The hoedown is one of several fundraising events benefiting the efforts of local activist organization, Cascadia Wildlands. One of the current battles on the forefront for Cascadia Wildlands is their effort to stop the passing of legislation that would allow for dramatic increases (40%) in timber harvest in the Elliot State Forest in order to raise funds for education, as 91% of the land is currently designated as Common School Fund land. Sally Cummings, Operations Manager at Cascadia, told me that the new management plan is scheduled to be reviewed by the state land board on the 11th of this month. She said that there is “a rally in Salem on the 11th at the Capital building, people can show their support by being present to show their concern for maintaining species and forests”.
Having originated in 1998, non-profit organization, Cascadia Wildlands mission is to “educate, agitate, and inspire a movement to protect and restore Cascadia’s wild ecosystems.” Their headquarters is here in Eugene, but their broad reach works to protect bioregions stretching from Oregon to Alaska. Cascadia is reputed as a regional leader in grassroots conservation efforts, having worked to preserve millions of acres of forest, and prevented further extinction and endangerment of several native wildlife species.
As the last moments of daylight began to depart, we moseyed through the open stable, visiting the resident equines in their stalls. Volunteers at the Hoedown were setting up a buffet table featuring steaming vegetarian chili, fresh crisp salad, and many other goodies to compose a healthy dinner to fuel the dancing that would later ensue.
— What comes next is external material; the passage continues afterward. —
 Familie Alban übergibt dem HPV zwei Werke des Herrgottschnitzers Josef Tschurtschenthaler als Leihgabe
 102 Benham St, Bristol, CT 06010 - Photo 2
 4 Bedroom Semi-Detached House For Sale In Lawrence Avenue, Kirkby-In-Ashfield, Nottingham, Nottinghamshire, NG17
We stopped to grab a mug of tasty apple cider, then wandered up a small knoll to join a growing circle of hoedowners surrounding a blazing bonfire. Making our way down to the corral, we stopped back at the stable briefly to fill our mugs with with delicious hot coffee, courtesy of the Wandering Goat Coffee Company. As we stepped into the show arena, we took note of a table stocked with information highlighting Cascadia’s most recent efforts, including petitions to extend protections to the currently threatened grey wolf. At the far end of the arena, local favorites, the bluegrass belting Conjugal Visitors prepared their spot on a mobile stage.
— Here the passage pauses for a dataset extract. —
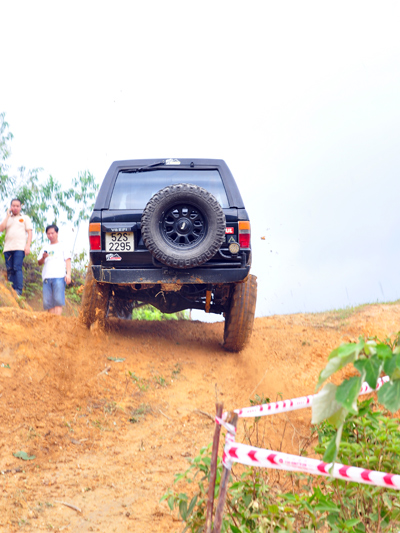 Toyota 4Runner sử dụng lốp MT Extreme Silverstone, tời Warm, lò xo giảm xóc Old Man Emu vượt hố bùn 2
In the show arena I met Missy Mae, a resident of Eugene. When asked to participate in a short informal interview, she said “as soon as I grab a beer”, and headed for the Ninkasi tent, not far from the festivities to grab a hand crafted pint. Upon returning, Missy Mae said attending a benefit like this was important to her “first and foremost because it’s an opportunity to support ancient forests, and also an opportunity to come out and see great live, local music – the Conjugal Visitors.” Missy Mae told EDN that she what she was looking forward to the most was “getting out there to dance like an idiot with everyone when no one knows what they’re doing”. In discussing the recent activities and efforts of Cascadia Wildlands, Missy Mae said that she feels “People are more inclined to get involved when there is a struggle.”
Before kicking up his heels to Bob Ewing’s square dance calls, Nick, another Eugene resident, spoke to EDN about his first visit to the Hoedown as he enjoyed a goody provided by sponsor, Voodoo Doughnuts. Nick told me he was drawn to the event because he had never experienced a hoedown, and he was looking forward to learning a new type of dance. Nick attributed the youthfulness of the crowd to “the community setting it up is younger – word gets out like that – there’s not a lot of community stuff to do in Eugene,” finishing the last bite of his doughnut, he continued, “It’s a treat!”.
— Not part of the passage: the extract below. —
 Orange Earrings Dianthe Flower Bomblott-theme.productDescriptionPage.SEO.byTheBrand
While the Conjugal Visitors and square-dancers took a break, hoedowners formed a line across the arena to compete for the honor of being hailed as champions of the three-legged race. Two waves of competitors hobbled as fast as their joined ankles would allow, some falling into huddles to avoid being stampeded, as they made their way toward the finish line. Winning pairs from each wave realigned for the final challenge on the road to victory.
Cummings told EDN that anyone interested in supporting through attending rallys’, writing letters, donating, or volunteering their time can find more details on the Cascadia Wildlands website.